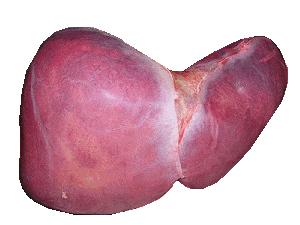 End stage of primary biliary cirrhosis
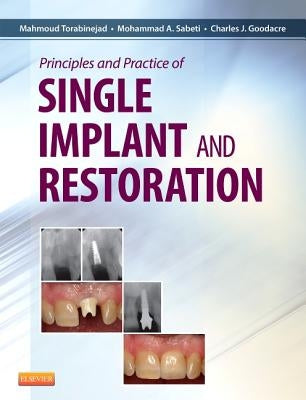 Principles and Practice of Single Implant and Restoration by Torabinejad, Mahmoud
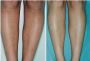 Get the Perfect Glow with Melano Tan 2 – Safe & Effective!
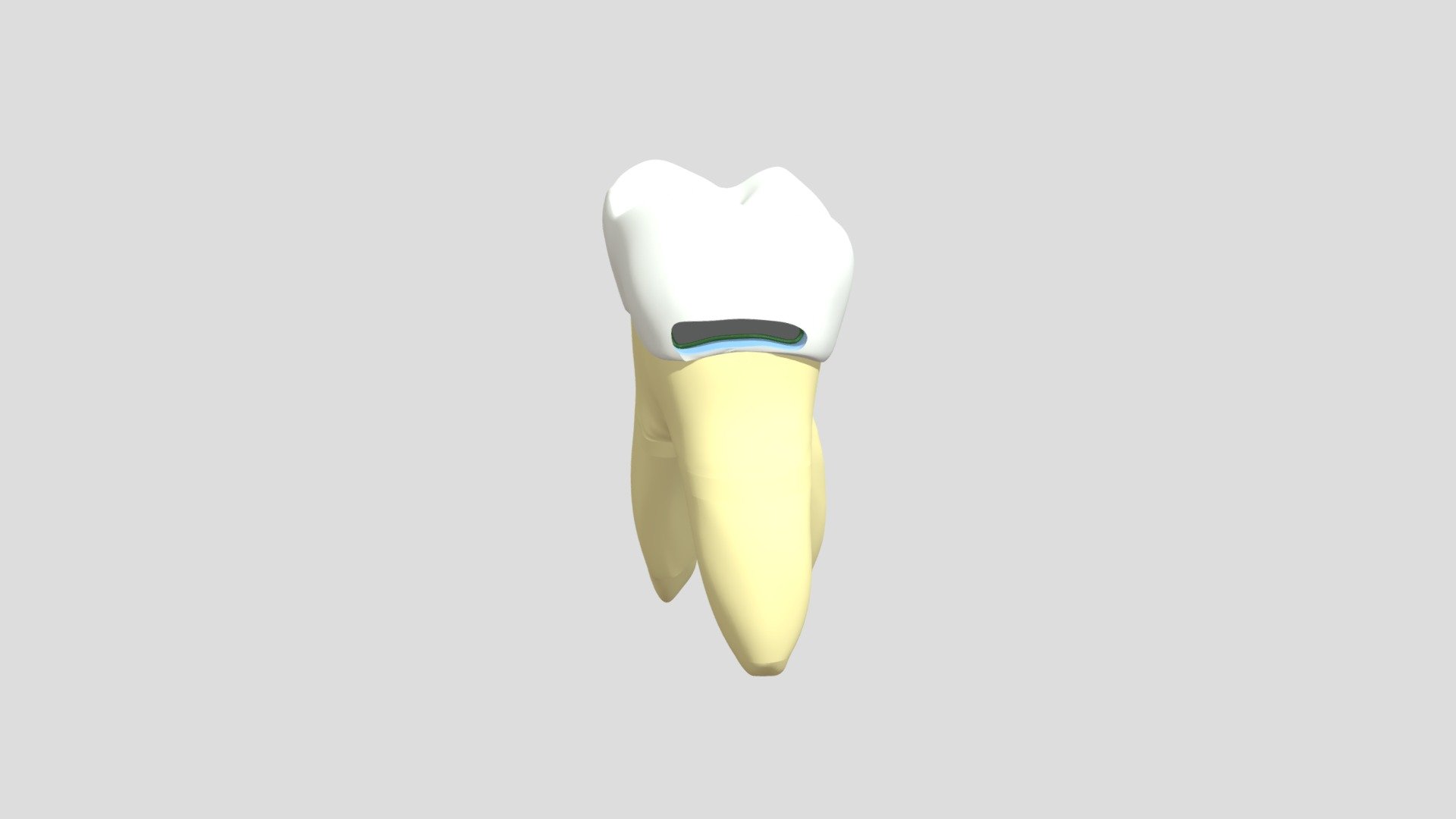 Cavidade Classe V – Dente 16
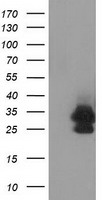 EIF4EL3 (EIF4E2) Mouse Monoclonal Antibody (HRP conjugated) [Clone ID: OTI1F2]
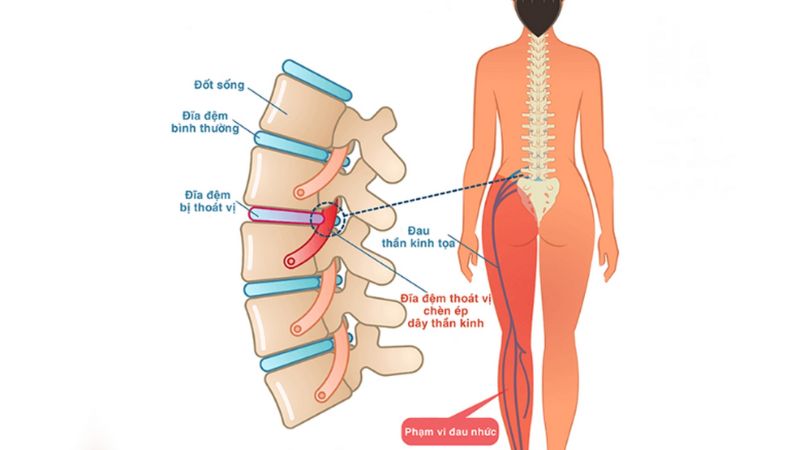 Đau dây thần kinh tọa nguyên nhân do đâu?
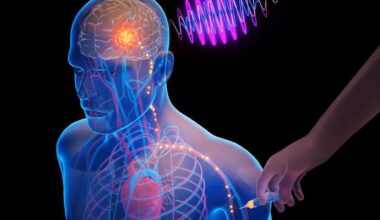 MIT researchers developing injectable chip for brain disorders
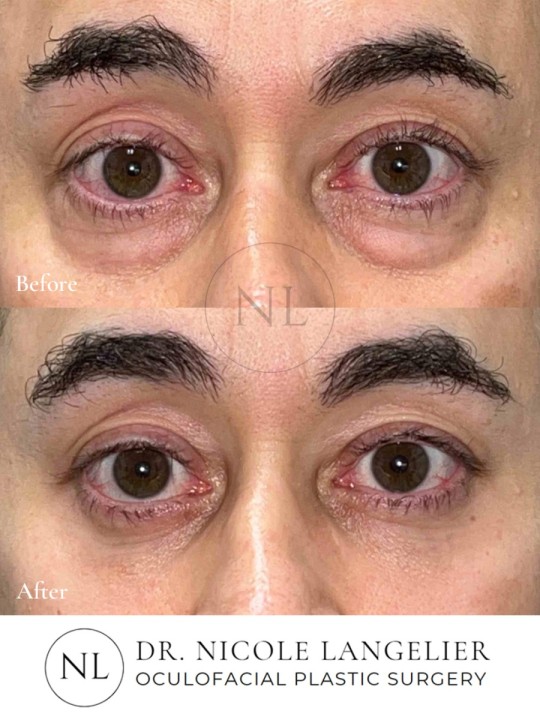Male Lower Eyelid Blepharoplasty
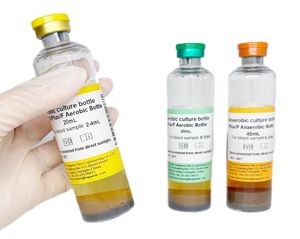 해피어 빠른 검사 시약 검사실 혈액 배양 병 플라스틱 미생물 빠른 검사 시약 병 - Product Image 1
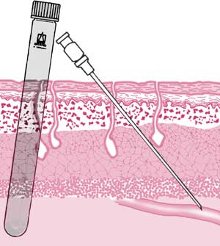 Schematische Darstellung Blutwertkontrolle
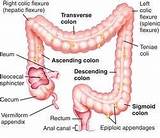 Colostomy Medical Definition Images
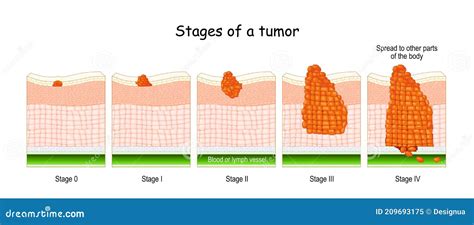 Stages Of Cancer Classification Of Malignant Tumours Cartoon Vector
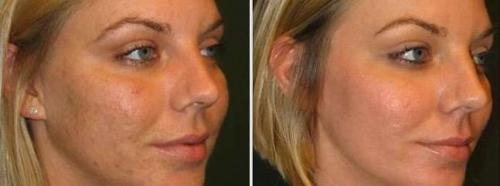 Роз де Мер коралловый пилинг. Отзывы с фотографиями до и после процедур пилинга Rose De Mer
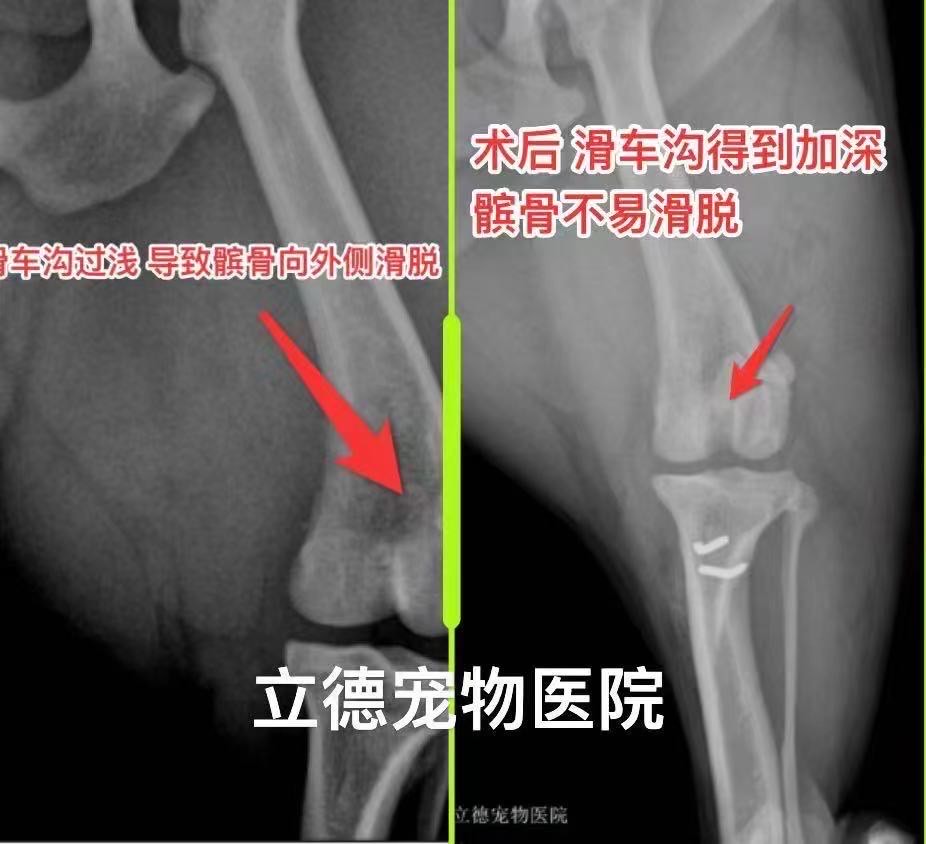 滑车重建术图片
* * * * *
● **WHAT IS EXPECTED**:
In the records above, the lines from the one containing "Stages Of Cancer" through the last line are to be written out exactly, both ends included and pictures omitted.

● **RESPONSE TO THIS EXERCISE**:
 Stages Of Cancer Classification Of Malignant Tumours Cartoon Vector
 Роз де Мер коралловый пилинг. Отзывы с фотографиями до и после процедур пилинга Rose De Mer
 滑车重建术图片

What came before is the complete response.